19 mars [1843], dimanche soir, 11 h.

Ainsi que je l’avais prévu, mon Toto bien-aimé, je n’ai pas pu t’écrire tantôt ; car, dès quatre heures, j’avais Mme Krafft chez moi qui venait me demander une lettre de toi pour ton cousin Trébuchet pour servir à son fils. En même temps elle venait me demander à dîner escortée de trois bouteilles de vin, deux de bordeaux, une de champagne, plus une tourte et des biscuits. Bref, la pauvre femme a trouvé un moyen honnête de payer son dîner et au-delà. Je ne sais pas, mon pauvre bien-aimé, comment tu feras avec tes pauvres yeux malades pour écrire cette lettre. Cependant mon Toto chéri, elle paraît croire que c’est d’une grande importance pour son fils et surtout elle désire que tu la lui donnes, cette lettre, le plus tôt possible. Tu verras, mon cher adoré, ce que tu peux faire en cette circonstance mais pour moi je ne me sens pas le courage de te tourmenter.
J’ai remis, ainsi que tu me l’avais indiqué, l’acte de la Ribot et sa lettre sous enveloppe, cachetée au nom de M. Démousseau.
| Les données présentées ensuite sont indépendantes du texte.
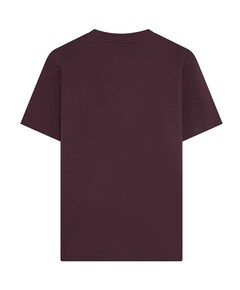 Jongens T-shirt bordeaux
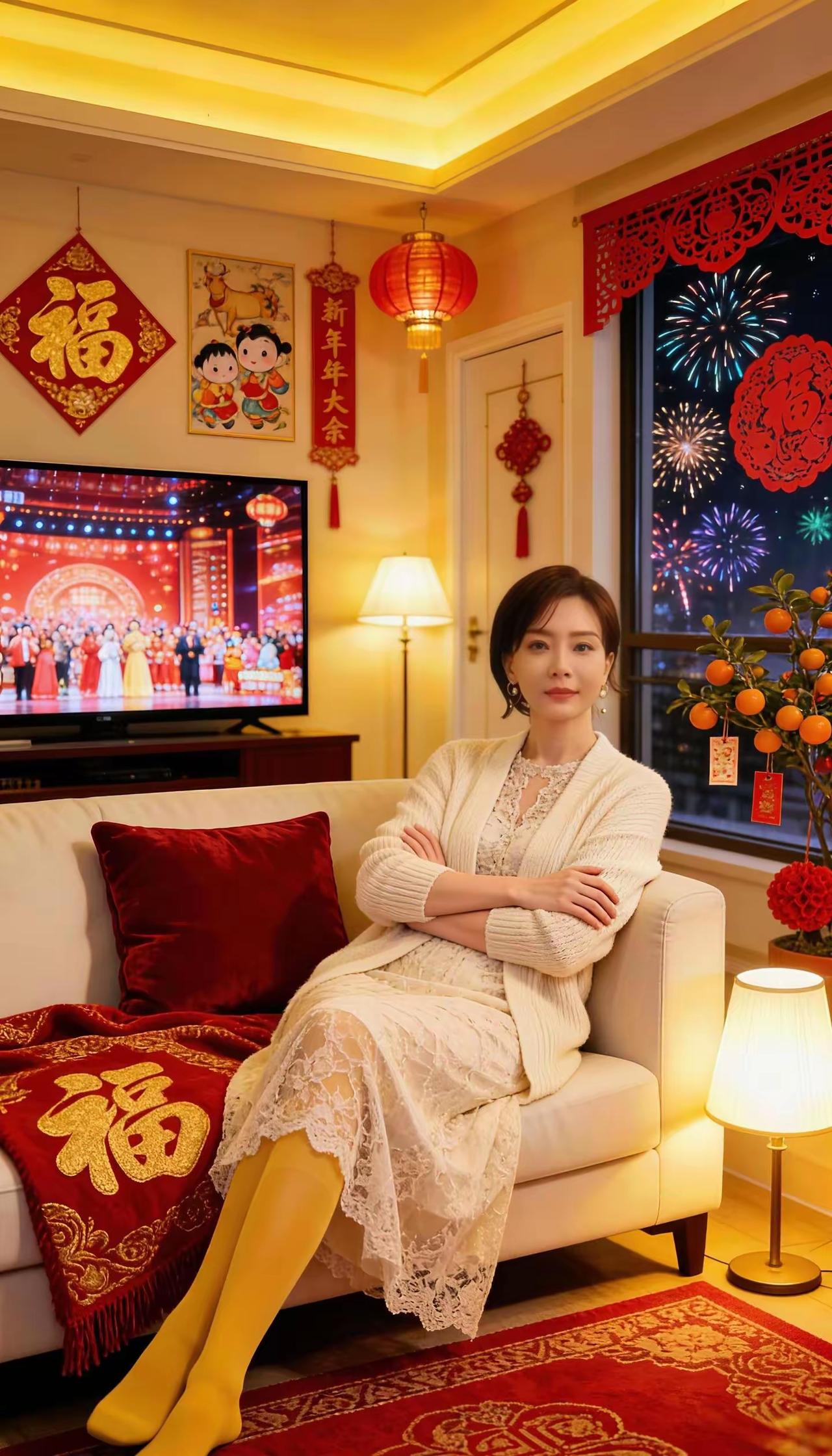 陈数，绝顶美女，祝大家除夕快乐，新春快乐，万事如意，大顺大财大吉祥清新脱俗的女孩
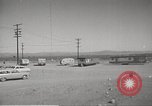 Image of Operation Cue cars and motor homes explode in nuclear test Nevada United States USA, 1955, second 3 stock footage video 65675063901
D’ailleurs il n’y a aucun danger parce que Mme Pierceau est très soigneuse de sa nature.
Je ne t’ai pas revu depuis tantôt, mon bien-aimé, c’est-à-dire depuis bien longtemps. Est-ce que tu ne vas pas bientôt venir ? J’ai beau avoir de la distraction, de la langue et des yeux, il me semble que le temps me paraît encore plus long dans ces moments-là que lorsque je suis tout à fait seule avec ta pensée. C’est bien bien vrai, mon Toto, cette soirée m’a paru éternelle quoique j’eusse les drôleries creuses et la jacasserie frivole de Mme Krafft bourdonnant autour de mes oreilles. Mais vois-tu, mon Toto, rien ne peut remplacer le regard de l’homme qu’on aime, rien ne peut suppléera au ravissement d’entendre et d’écouter l’amant bien-aimé de son cœur. Aussi j’avais hâte que ces pauvres femmes fussent parties pour penser à toi à mon aise, pour te désirer sans gêne, pour t’aimer sans ennuis et sans distractions aucunes. Les voilà parties et depuis ce temps-là je te gribouille tout ce qui me passe par la tête et par le cœur pêle-mêle comme cela me vient. Je sais bien que tu ne tiens pas à la manière dont je te dis : je t’aime mais à la manière dont je le sens. Je t’aime mon Victor adoré, je t’aime comme tu dois être aimé : à deux genoux.

Juliette

BnF, Mss, NAF 16351, f. 243-244
Transcription de Olivia Paploray assistée de Florence Naugrette

a) « supléer ».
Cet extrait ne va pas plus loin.